Brummer Multi-Strategy monthly commentary June 2026
Brummer 1xL USD and Brummer 2xL (Bermuda) USD posted estimated returns of 1.2 per cent and 1.4 per cent respectively in June, bringing year-to-date returns to an estimated 6.8 per cent and 10.4 per cent respectively.
Markets
Following the widespread market turmoil that dominated the year’s first quarter, Q2 was capped off in June with the prospect of peace in the Middle East, although markets diverged from one another.
Equity markets saw increased volatility in June as AI optimism drove markets up, with massive gains in semiconductors and tech hardware, only for prices to rapidly fall towards the end of the month as a worldwide sell-off in tech poked holes in said optimism. All in all, US equities detracted for the month following the late-month sell-off, spurred on by downturns in the energy, entertainment and telecommunication sectors. Europe and Asia saw similar developments yet proved resilient thanks to a strong financial sector along with significant gains in healthcare, while Asian markets were further weighed down by weakness in retail shopping and consumer electronics.
Sovereign bond yields moved during the month but ended broadly unchanged across G5 economies, save for shorter term US bond yields with 3-month, 6-month, and 2-year Treasury bond yields which rose sharply. As a result, the US dollar continued to appreciate against most major currencies, with the Dollar Index gaining as much as 2.7 per cent over the month.
The prospect of peace in the Middle East and, more importantly from an economic perspective, the possible reopening of the Strait of Hormuz dominated news cycles throughout June with repeated strikes, ceasefires, and pauses in negotiations causing concern across the globe. As shipping resumed towards the end of the month, crude oil prices fell sharply, falling from the mid-90s to just under 70 USD per barrel.
Brummer Multi-Strategy
With divergent markets and asset prices, the portfolio once again showed its resilience by way of the breadth and diversifying capabilities of its constituent strategies.
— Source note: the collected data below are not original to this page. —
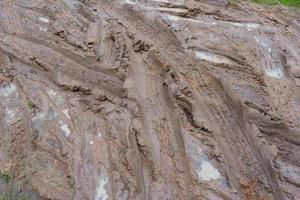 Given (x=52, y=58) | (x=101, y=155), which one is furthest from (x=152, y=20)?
(x=101, y=155)

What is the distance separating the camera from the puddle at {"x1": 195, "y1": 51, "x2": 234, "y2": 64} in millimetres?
5207

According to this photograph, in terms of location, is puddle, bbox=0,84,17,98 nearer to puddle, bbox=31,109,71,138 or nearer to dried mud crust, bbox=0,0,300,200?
dried mud crust, bbox=0,0,300,200

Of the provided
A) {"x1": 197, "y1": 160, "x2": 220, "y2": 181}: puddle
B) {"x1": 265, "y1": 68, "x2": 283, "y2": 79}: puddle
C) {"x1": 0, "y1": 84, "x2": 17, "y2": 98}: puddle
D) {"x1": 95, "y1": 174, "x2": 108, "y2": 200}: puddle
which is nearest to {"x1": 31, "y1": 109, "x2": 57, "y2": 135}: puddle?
{"x1": 0, "y1": 84, "x2": 17, "y2": 98}: puddle

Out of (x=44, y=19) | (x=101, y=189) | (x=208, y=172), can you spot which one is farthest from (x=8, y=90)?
(x=208, y=172)

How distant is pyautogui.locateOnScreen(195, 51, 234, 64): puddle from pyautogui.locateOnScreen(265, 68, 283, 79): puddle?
19.4 inches

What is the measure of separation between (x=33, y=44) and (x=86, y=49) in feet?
2.21

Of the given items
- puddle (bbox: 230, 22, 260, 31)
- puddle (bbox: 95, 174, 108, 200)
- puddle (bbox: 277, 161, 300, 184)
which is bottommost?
puddle (bbox: 95, 174, 108, 200)

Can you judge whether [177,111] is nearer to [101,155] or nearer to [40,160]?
[101,155]

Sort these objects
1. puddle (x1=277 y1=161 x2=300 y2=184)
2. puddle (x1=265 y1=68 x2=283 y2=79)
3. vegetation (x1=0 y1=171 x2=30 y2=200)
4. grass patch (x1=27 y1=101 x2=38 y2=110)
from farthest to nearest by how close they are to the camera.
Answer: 1. puddle (x1=265 y1=68 x2=283 y2=79)
2. grass patch (x1=27 y1=101 x2=38 y2=110)
3. puddle (x1=277 y1=161 x2=300 y2=184)
4. vegetation (x1=0 y1=171 x2=30 y2=200)

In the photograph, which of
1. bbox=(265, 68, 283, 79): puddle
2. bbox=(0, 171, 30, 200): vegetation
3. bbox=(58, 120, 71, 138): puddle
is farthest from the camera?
bbox=(265, 68, 283, 79): puddle

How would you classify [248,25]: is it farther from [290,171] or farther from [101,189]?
[101,189]

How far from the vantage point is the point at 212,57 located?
207 inches

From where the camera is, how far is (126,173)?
384 centimetres

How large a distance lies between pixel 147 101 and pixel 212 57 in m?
1.28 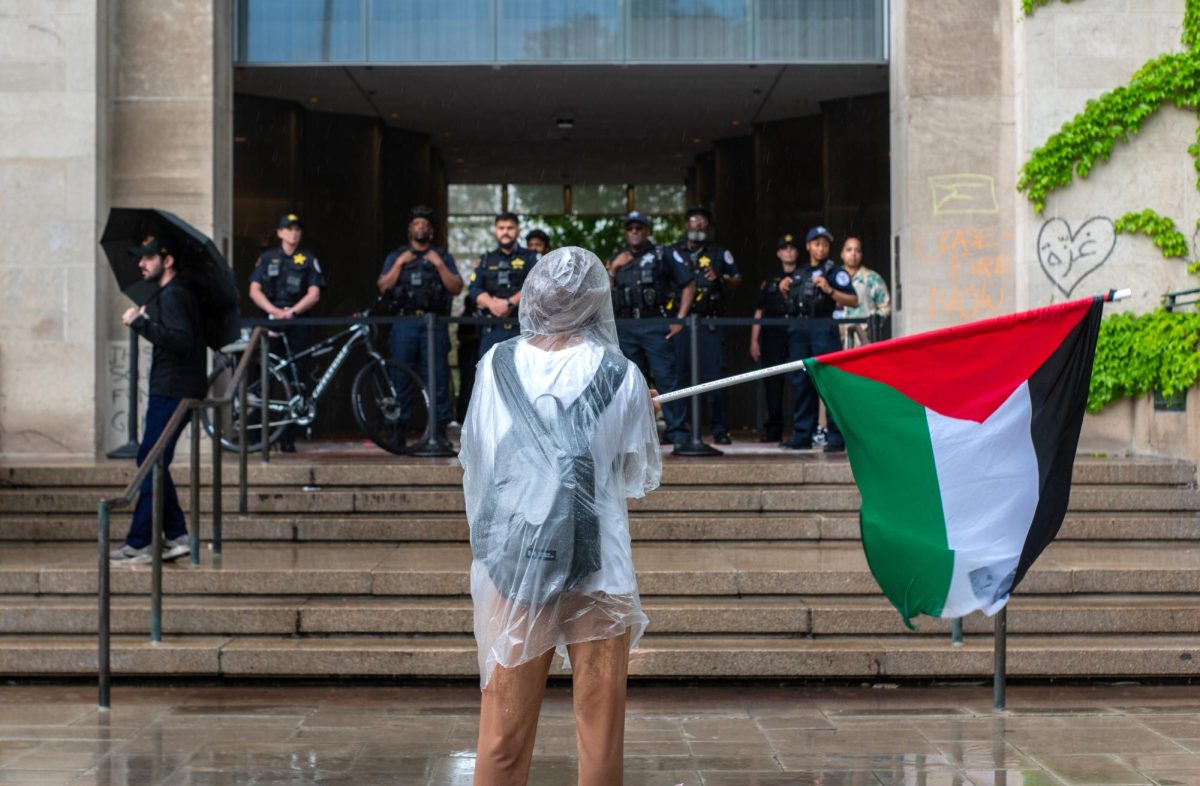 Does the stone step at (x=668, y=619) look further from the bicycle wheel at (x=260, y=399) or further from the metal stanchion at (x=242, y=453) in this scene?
the bicycle wheel at (x=260, y=399)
The largest contribution to performance came from the market neutral long/short equity bucket where strong themes such as AI and EU financials could be taken advantage of while being hedged against the wide month-end sell-off. In US TMT, significant gains were posted thanks to long positioning in semiconductors and technology hardware as well as short positioning in faltering sectors such as software and media and entertainment. These gains were partially offset by minor losses in consumer retail and telecommunication services. Positioning in European financials also proved fruitful in June, with profitable positioning in banking and financial services being lightly offset by Swiss insurance. Listed real estate detracted somewhat as gains in Japanese and Middle-Eastern real estate names were offset by losses in EU- and US-based real estate. Positioning in global healthcare sectors contributed negatively to overall performance, mainly attributed to positioning in US biotech and healthcare equipment.
The convexity bucket also contributed significantly to performance this month. For developed markets trend following, the solid performance could be attributed mainly to FX gains thanks to favourable positioning in the US dollar, supported by profit in some equity indices and fixed income, all of which were lightly offset by losses in commodities. In alternative markets, minor gains in FX and credit were entirely offset by commodity and fixed income positioning, resulting in minor losses.
The fixed income & macro bucket detracted this month, with long/short credit offsetting some of the losses. Gains were realised in single-name basis credit trading, mainly in the media & entertainment sectors, while some US bonds detracted. Systematic fixed income saw gains in longer term US and EU bonds erased, as shorter term US bonds detracted.
For discretionary fixed income and macro, the portfolio detracted on relative value macro and curve trades, being offset by some gains in inflation, macro and risk premia trades.
Systematic macro detracted for the month, as gains in FX were entirely offset by detracting positions in equities and commodities.
Return estimates*
| Last month | Year to date | |
|---|---|---|
| Brummer 1xL USD** | +1.2% | +6.8% |
| Brummer 2xL (Bermuda) USD | +1.4% | +10.4% |
Monthly contribution by strategy type (est.)
Capital allocation (est.)***
* These estimates apply to investors who have been invested in the funds since inception. Please note that the final results may deviate.
** Brummer Multi-Strategy B USD unit class was launched August 1st 2024. Year to date performance, up to that point in time, is calculated using the Brummer Multi-Strategy A SEK unit class, adjusted for currency hedging.
*** Allocation per strategy tpe is shown as percentage of total allocated capital. Brummer Multi-Strategy may use leverage and/or allocate to strategies targeting higher volatility than their reference strategy, which means that the total allocated capital can vary over time and be higher than the fund's net asset value.